At a public meeting tonight, the Aspen Street Railway Co. will present their signed petitions for an August vote to the City Council. At a Friday rally at the post office, the group estimated they had collected anywhere between 500 and 600 signatures.
Trolley proponents argue the trolleys would add a little more charm to Aspen’s image and may draw in more tourism. But one city councilman says it’s not the trolleys that are unattractive prospects, its the money needed to create a trolley line.
The six trolleys were purchased by a group of Aspenites and imported from Lisbon, Portugal, in 1978, at a price of about $14,000 each. Each trolley dates back to about 1925.
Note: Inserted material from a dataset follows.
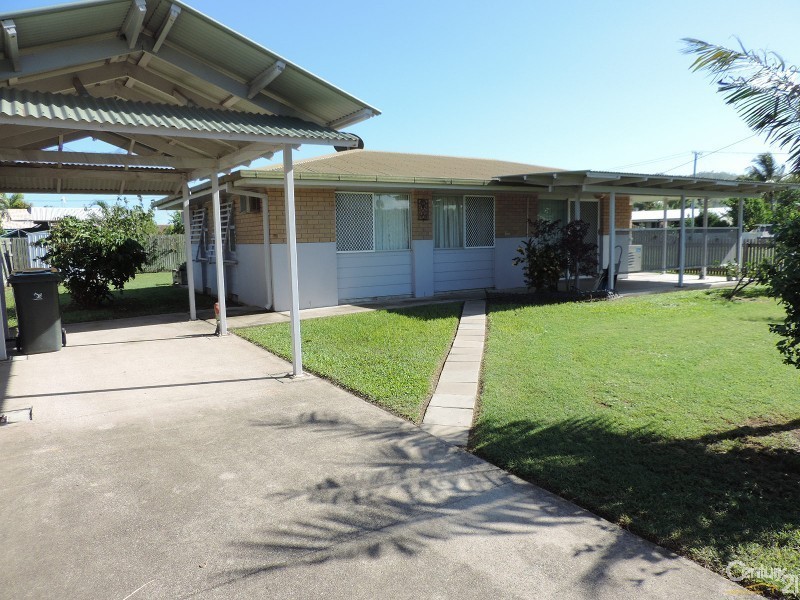 9 JOSEPHINE CRESCENT, Rasmussen QLD 4815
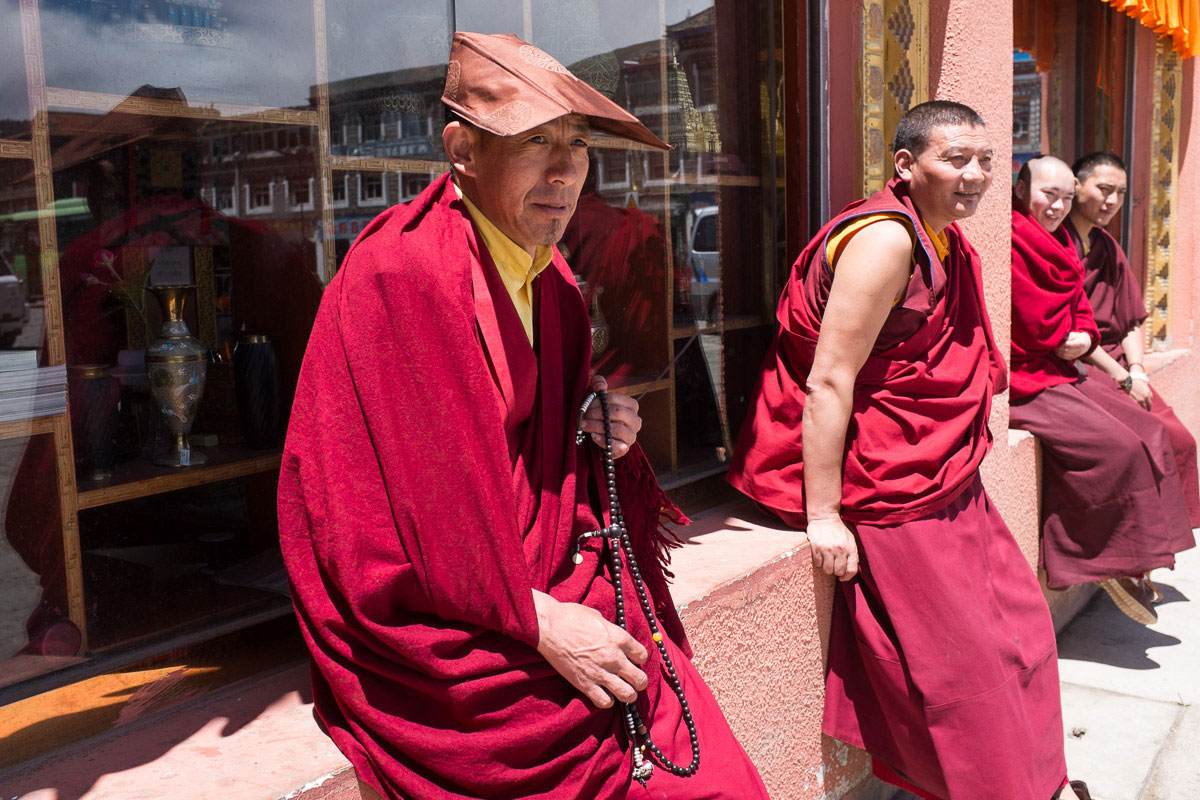 Tagong: On the Road to Tibet/ Please Do Not Use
Although the cars were a gift to the city in the 1980s, opposition from the start meant the trolleys have never functioned in town. Currently five remain under tarps at Cozy Point Ranch, and one is stored at the town dump.
The group of trolley supporters missed a recent deadline to collect signatures for a special election early this summer. But they hope to influence the City Council with enough community interest to spur an August vote, ideally to coincide with a scheduled primary election. One proponent said approximately 14 out of 15 people who passed by her card table at the post office were in favor of a late-summer vote to determine the future of the trolleys.
“This is a watershed issue, and it needs to be voted on,” said 35-year Aspen resident Camilla Sparlin. “The winter economy is declining, and we need to have a new thing in Aspen that is unique and makes us stand apart.”
Sparlin said trolley enthusiasts must buy time by forming a community think-tank on how to use the cars rather than give them away. A number of cities including Detroit and San Antonio have expressed interest in the trolley cars.
The petition being signed reads, “[Should Aspen] retain ownership of six historic trolleys for future use as an in-town shuttle” under the knowledge that “such a shuttle system would not require an overhead wire.”
But Councilman Tom McCabe said trolley enthusiasts have oversimplified the issue, failing to provide voters with information on the cost of building a trolley infrastructure in town.
“There is so little information about the cost of this,” McCabe told Jon Busch and Sparlin while the two collected signatures. “Was the concept of rail appealing? Yes. But when we told people what they’d have to pay for it, they told us to go away.”
Busch, part of the original group that bought the cars, said in 1990 dollars, the trolley project would cost about $3 million, and today that price may be inflated up between $5 million and $6 million. Busch supports the idea of corporate sponsorship, rather than taxpayers, funding the project.
He also said that with a vote from the community, “no would mean no,” and he’d give up the fight to save the trolleys if the community chooses to do so.
A couple of petition signers at the post office said the issue should at least be on a ballot soon before the historic cars are given away.
“I think we should have the opportunity to vote on this,” said Vitashka Kirshen, an Aspen resident. “It would be ridiculous if they would totally ignore people who want to vote on this. I’m absolutely in favor of the trolleys. They’re a treasure, and why would we allow someone else to come in and take these treasures away?”
Jim Brasile, who lives at Centennial, said he likes the bus system, but adds that a trolley system couldn’t hurt.
“Our town is not auto-friendly. If you live out of town, once you get here it’s tough to get around,” he said. “I’m not totally sold that people will ride a trolley either, but I hope they do.”